Question

In: Economics

4. You are the CEO of Valu-Added Industries, Inc. (VAI). Your firm has 10,000 shares of...

4. You are the CEO of Valu-Added Industries, Inc. (VAI). Your firm has 10,000 shares of common stock outstanding, and the current price of the stock is $100 per share. There is no debt; thus, the “market value” balance sheet of VAI looks like:

VAI Market Value Balance Sheet
Assets $1,000,000 Equity $1,000,000

You then discover an opportunity to invest in a new project that produces positive cash flows with a present value of $210,000. Your total initial costs for investing and developing this project are only $110,000. You will raise the necessary capital for this investment by issuing new equity. All potential purchasers of your common stock will be fully aware of the project’s value and cost, and are willing to pay “fair value” for the new shares of VAI common.

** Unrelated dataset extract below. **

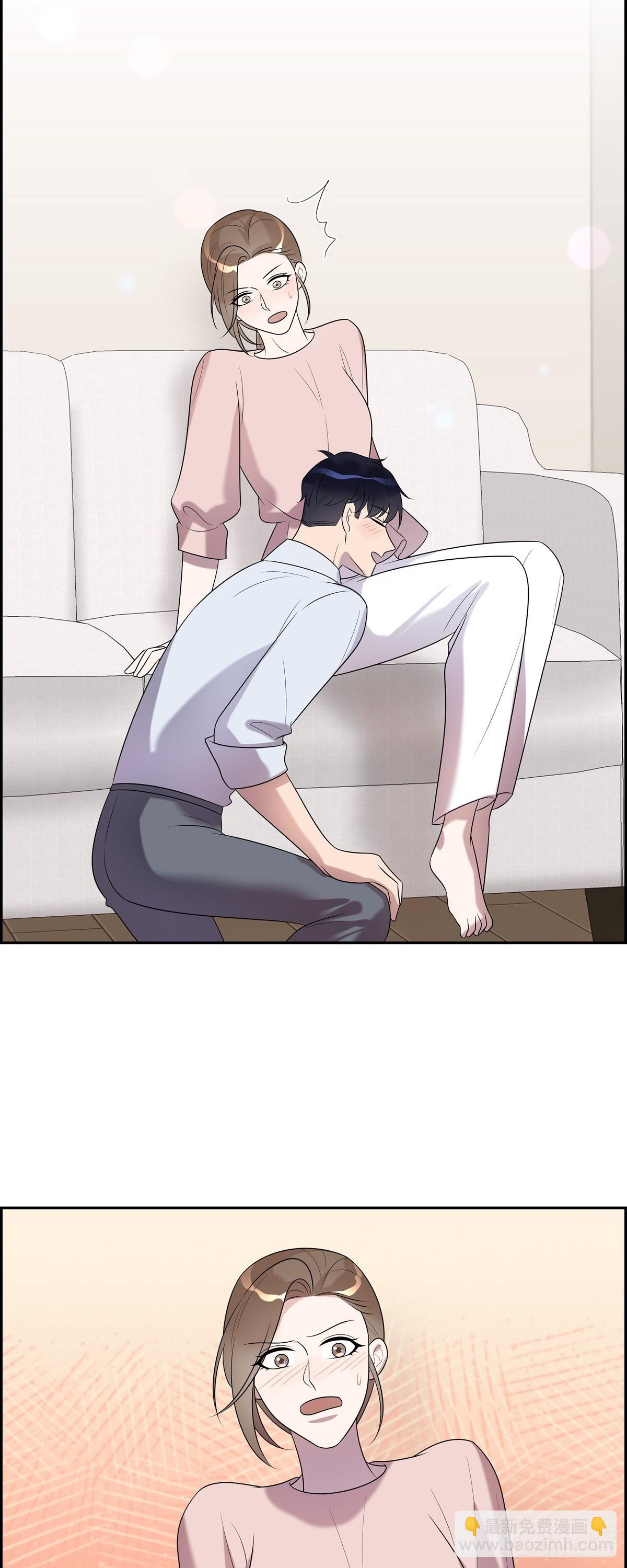 28 好像挺舒服的-第29话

What is the Net Present Value of this project?

How many shares of common stock must be issued (at what price) to raise the required

capital?

What is the effect of this new project on the value of the stock of the existing shareholders, if any?

Solutions

Expert Solution

Answer:

Part A)

The net present value of the project is calculated as follows:

Net Present Value = Present Value of Cash Flows - Initial Costs

Using the information provided in the question in the above formula, we get,

Net Present Value = 210,000 - 110,000 = $100,000

_______

Part B)

The number of shares and the price at which the shares will have to be issued is determined as below:

Share Price = (Existing Value of Equity + NPV of the New Project)/Current Number of Outstanding Shares

Here, Existing Value of Equity = $1,000,000, NPV of the New Project = $100,000 and Current Number of Outstanding Shares = 10,000

Susbstituting these values in the above formula, we get,

Share Price = (1,000,000 + 100,000)/10,000 = $110

_____

Now, we can calculate the number of shares to be raised as below:

Number of Shares = Initial Investment Required/Share Price = 110,000/110 = 1,000 shares

_____

The company will have to issue 1,000 shares at a price of $110 per share to raise the required capital.

_______

Part C)

The effect of this new project on the existing stockholders is that the price of the share has increased to $110 from the previous level of $100. In other words, the new project has contributed a $10 per share increase ($110 - $100) in the price of common stock for the existing shareholders.